The project builds a Recurrent Neural Network (RNN) for music generation. The model is trained to to learn the patterns in raw sheet music in ABC notation, which generates music. The dataset is collected from kaggle and contains ABC notation of songs. Link: https://www.kaggle.com/datasets/raj5287/abc-notation-of-tunes?datasetId=156963&sortBy=dateRun&tab=profile The text in the dataset are first vectorised to create numeric representation to maintain a lookup table. We will be using some example sequences for training the RNN with a definite sequence length. There will also be a target sequence for predection the next character. This will be implemented using the batch method which will convert this stream of character indices to sequences of the desired size. The RNN model we create will be based on LSTM architecture and has initializer "glorot_uniform" and activation function "sigmoid", where we will use state vector to maintain information about the temporal relationships between consecutive characters. The final output of the LSTM is then fed into a fully connected Dense layer where we'll output a softmax over each character in the vocabulary, and then sample from this distribution to predict the next character.
Layer 1: Embedding layer to transform indices into dense vectors of a fixed embedding size
Layer 2: LSTM with rnn_units number of units.

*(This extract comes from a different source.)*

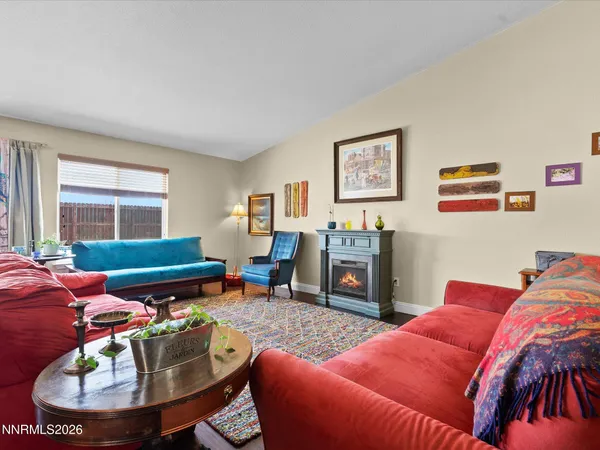 a living room with furniture a window and a fireplace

Layer 3: Dense (fully-connected) layer that transforms the LSTM output into the vocabulary size.
The RNN model is then trained using a form of the crossentropy loss (negative log likelihood loss)i.e., sparse_categorical_crossentropy loss, as it utilizes integer targets for categorical classification tasks. We want to compute the loss using the true targets -- the labels -- and the predicted targets -- the logits. Hyperparameter are defined for setting and optimization. Adam optimizer is used as the optimizer for training operation. The model is trained for 3000 iterations, with batch size 10 and sequence length 100. The model learns better when the learning rate is set to 1e-3. To generate music, the model follows a prediction procedure:
Step 1: Initialize a "seed" start string and the RNN state, and set the number of characters we want to generate.

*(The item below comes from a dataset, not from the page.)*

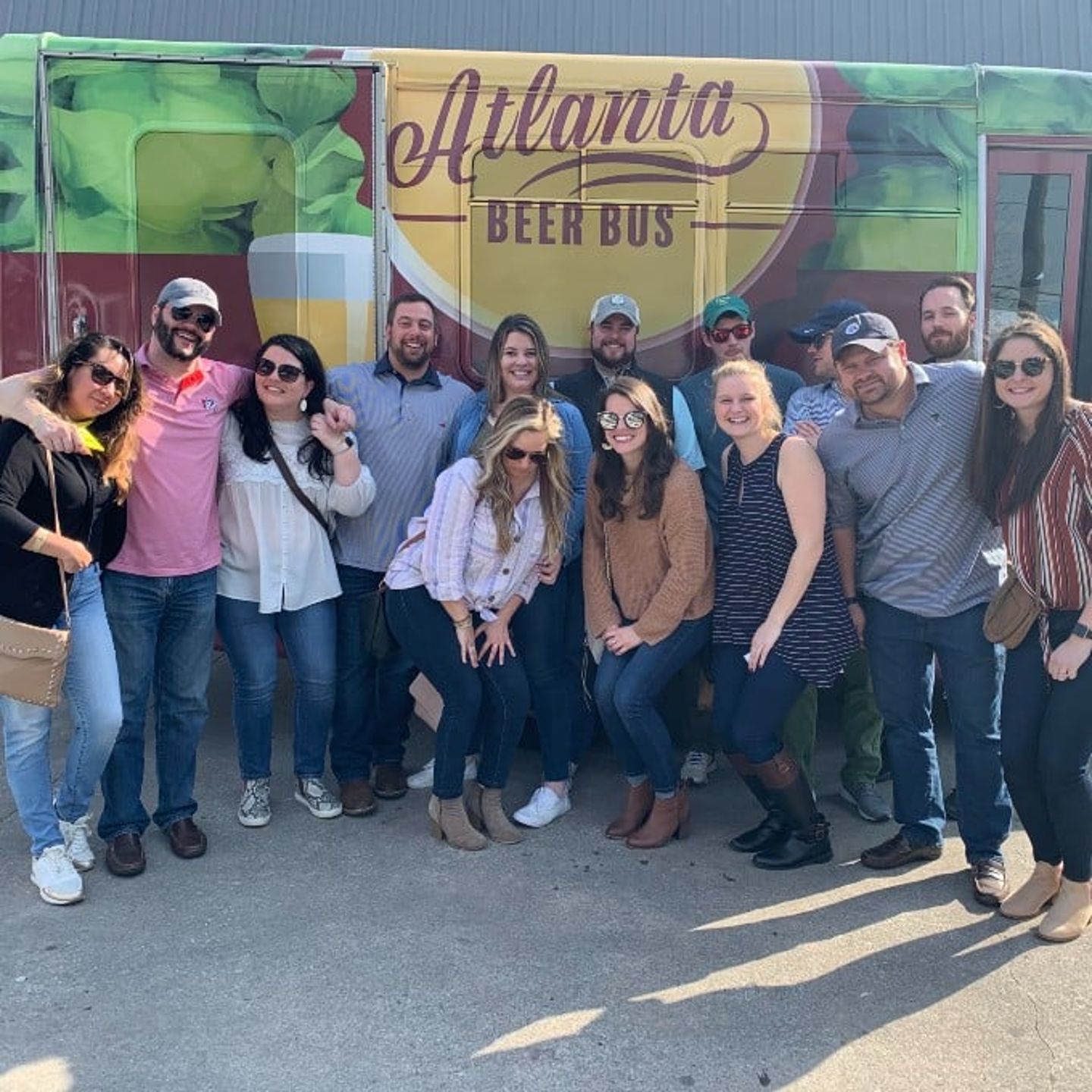 Group in front of beer bus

Step2: Use the start string and the RNN state to obtain the probability distribution over the next predicted character.
Step3: Sample from multinomial distribution to calculate the index of the predicted character. This predicted character is then used as the next input to the model.
Step 4: At each time step, the updated RNN state is fed back into the model, so that it now has more context in making the next prediction. After predicting the next character, the updated RNN states are again fed back into the model, which is how it learns sequence dependencies in the data, as it gets more information from the previous predictions.
Now, the model generate songs with a user defined "start_string" and "generation_length".